The lockout chip is what made the "seal of quality" scheme feasible in the first place. If alternative games were widely available, Nintendo wouldn't have had nearly as much leverage to strongarm with.
The minute the device was released in North America the lockout chip was already defeated by passthrough devices that took a "real" game and used that for the CIC bootup process. There were also multiple variants of voltage spike attacks and revisions of the console to guard against those, so it was certainly happening otherwise Nintendo wouldn't have wasted time changing the design.
Also, look at the timeline and the history behind Tengen which was essentially a company created by Atari specifically with the purpose of publishing their games on Nintendo and used essentially corporate espionage to get the underlying MPU used for the CIC logic that was a corporate secret. The actual lawsuits get filed a few years once Nintendo had enough evidence, but it was going on from the start of the lifespan of the console.
The NES was released in North America in late 1985. By 1987 there were commercially available games (from Tengen) that were playable without the permission of Nintendo. Tengen was not the only one or even the only method being used to break that console at that time.
And then there is Game Genie, which effectively can work around all of these problems. Sure, they included some logic to play nice and let the NES check the CIC again, but you can work around that with a game genie code itself! In the early days Game Genie and GameShark devices were well known for being vectors for piracy and they leaned into that.
*EDIT* This doesn't even get into the VAST array of devices that existed to clone cartridges or adapt floppy drives similar to how the Famicom did. At worst those required a stupid dummy cart to sit in them that never gets removed or the manufacturer did that for you and put a CIC in the device. Some used various attacks mentioned earlier to work around even having to do that.
As an aside to this, are there any documentaries or clips or things to read about "retro" console piracy that necessitated something like the lockout chip? I mean at this point I know about flashcarts but I dont know a thing about back when the NES wouldve been new-ish, let alone before then.
Steam isn't open, Windows OS isn't even open. Windows is "semi-open", in that Microsoft can't stop you for developing and publishing whatever they want on the platform, while still not sharing source code.

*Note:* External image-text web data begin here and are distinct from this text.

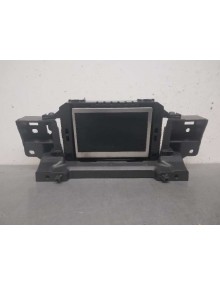 Recambio de display para ford focus lim. trend + referencia OEM IAM F1FT18B955GD  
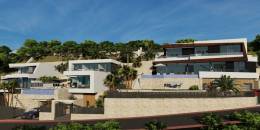 Nueva construccin  - Villa - Calpe - Maryvilla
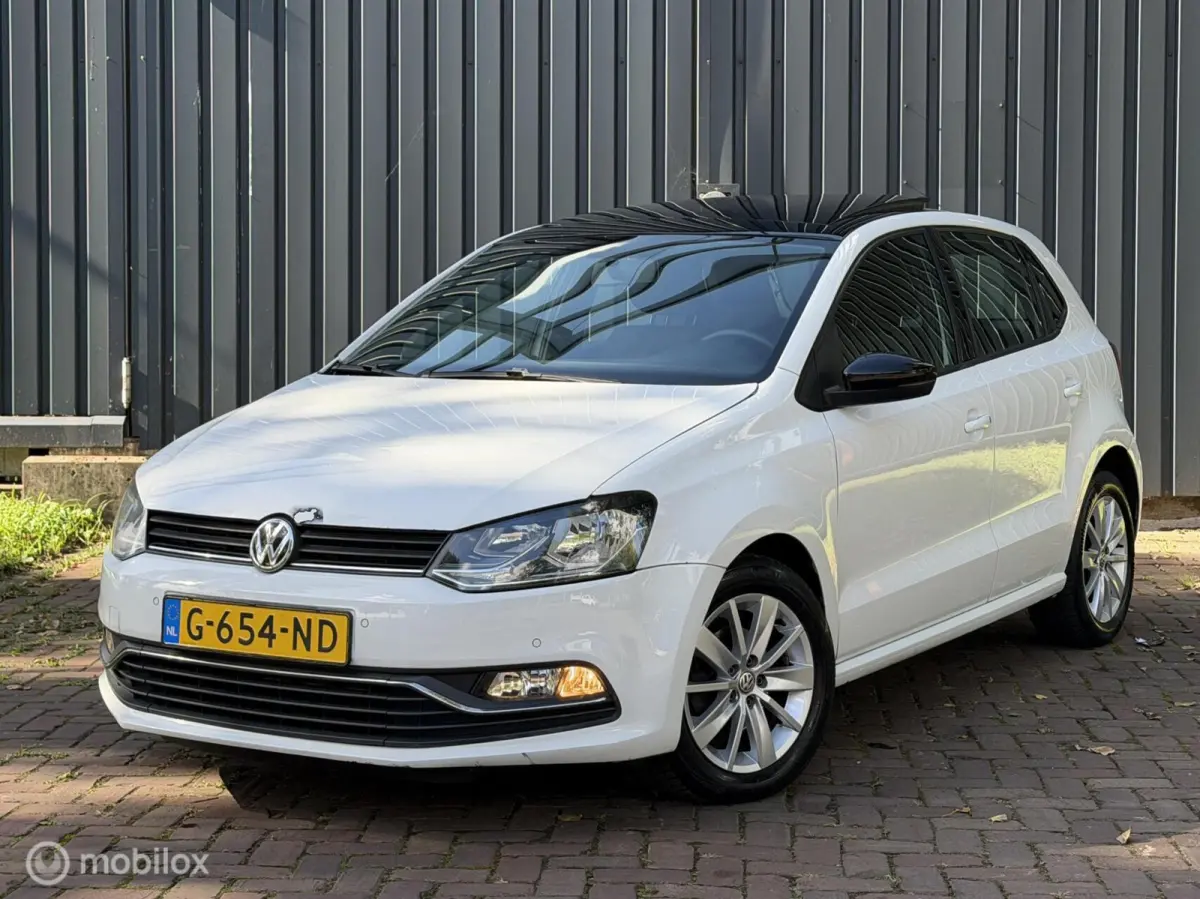 1.2 TSI Highline Automaat|Pano|Navi|Pdc|Lmv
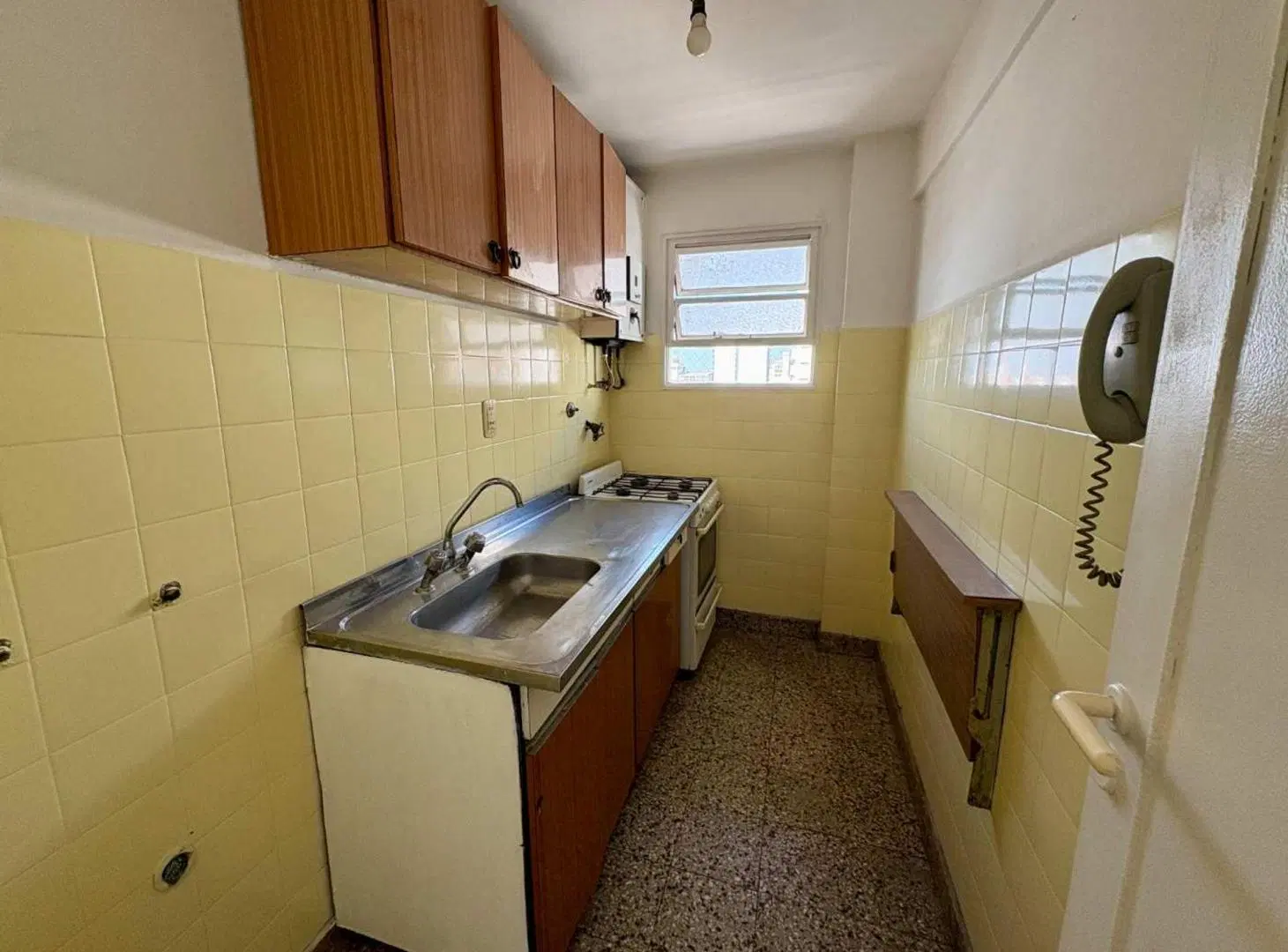VENTA 2 AMB AVELLANEDA CENTRO BALCON 5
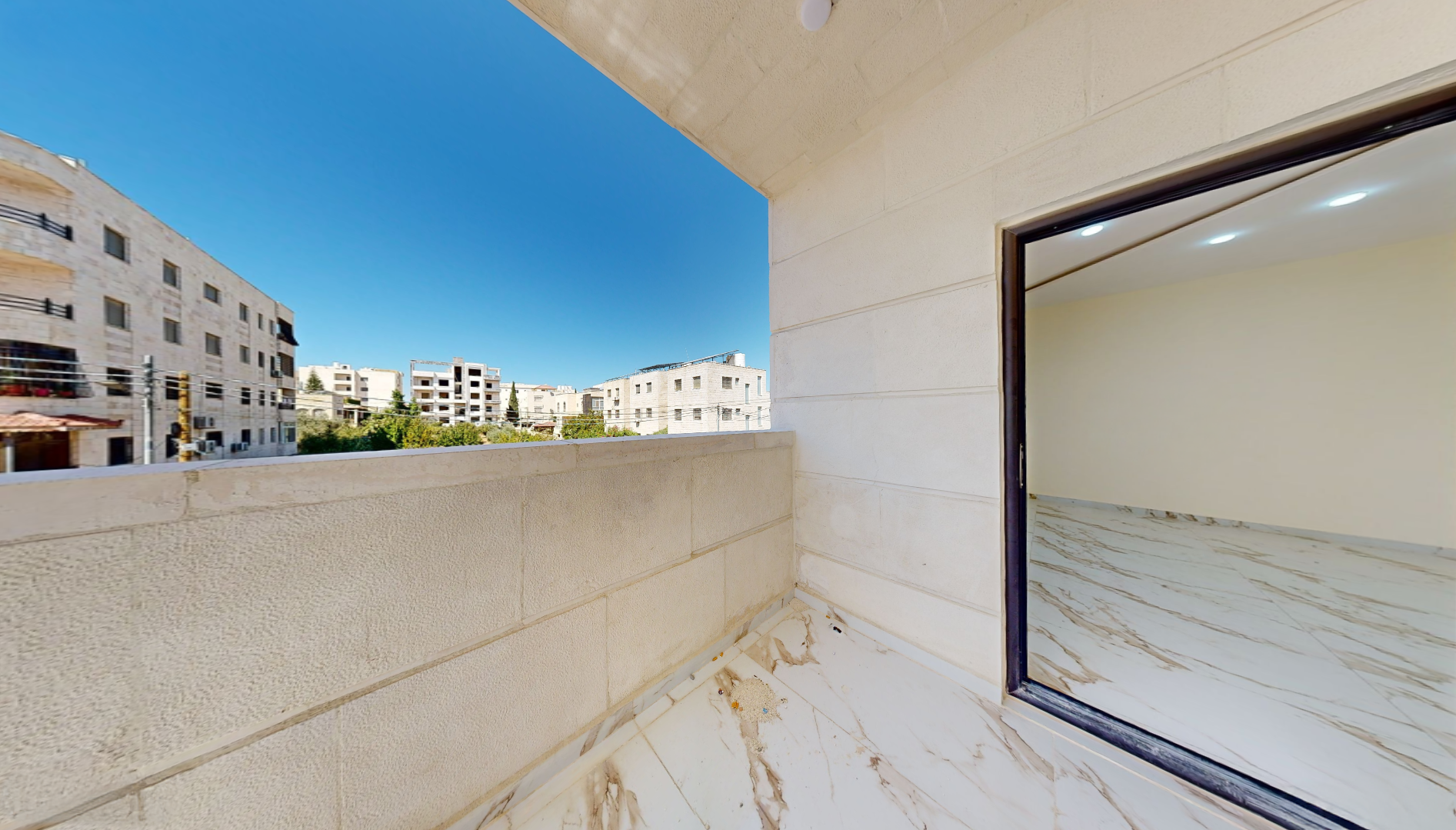 162 sqm apartment in Irbid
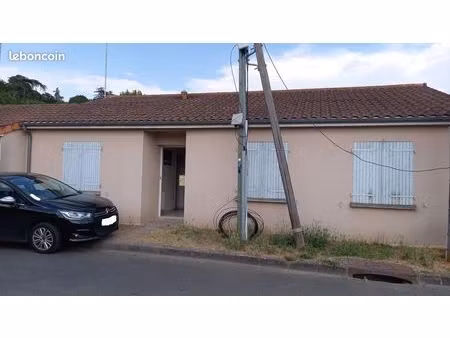 maison 89m2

Microsoft only has (de facto) control of the Microsoft Store.
you seem to be conflating "open" and "open source"
nintendo doesnt have to make the switch open source to make it open, they just have to allow people to make whatever the hell they want for it, but their business model depends on it being locked down (closed)
A bit, but I don't necessarily mean open source either. My main point is that people call Steam "open" but they in fact do not allow you to make whatever the hell you want. They are infamously vague about what they do or don't allow and devs constantly have trouble contacting them when they have issues, be it getting a game on the store, enabling steam features, keys, abusive users, etc.
Given all that this doesn't feel like a plea to let people publish their games. Just a thinly veiled port begging.
The hardware argument makes even less sense though. People in these circles complain so much about native performance, why would they want to install Linux on a Nintendo Switch like the PS3 days?
Even if they could, it wouldn't let them play switch games better. It doesn't solve the clear problem here that is the super technically minded people wanting to play Mario and Zelda in 4k/60.
I was talking about the Steam Deck. When the original is the Switch, the Steam Deck is the most logical comparison. "Steam" is just an app running on top of the Steam Deck, and that app isn't even privileged on the system. The user could remove it if they wanted to.
"Open" doesn't mean "open source" although in the case of the Steam Deck, it is both (not including the Steam application, but as I mentioned you can use the Steam Deck for whatever you want including removing the Steam application, so it's not a requirement or a blocker. I know someone who installed their own Bazzite flavor that has Steam removed and only uses Lutris to install GOG games).
Also Steam Store's requirements are only for games listed in their store. As has been mentioned, this is not a requirement for running on the Steam Deck. This is in sharp contrast to Nintendo.
Steam =/= steam deck. And even then it's not really playing native Linux games if you argue Linux. Its just emulating (in layman's terms, I know what WINE stands for) where most devs actually make their games for.
Microsoft doesn't seem to care (or it's legally dangerous to care). Nintendo does.
What's happening under the hood (Windows translations layer, etc) doesn't really matter for this comparison of Switch to Steam Deck. It only matters what the user is allowed to do/run on the thing. On Nintendo where it's closed, the user is prevented. On Steam Deck where it's open, the user is not.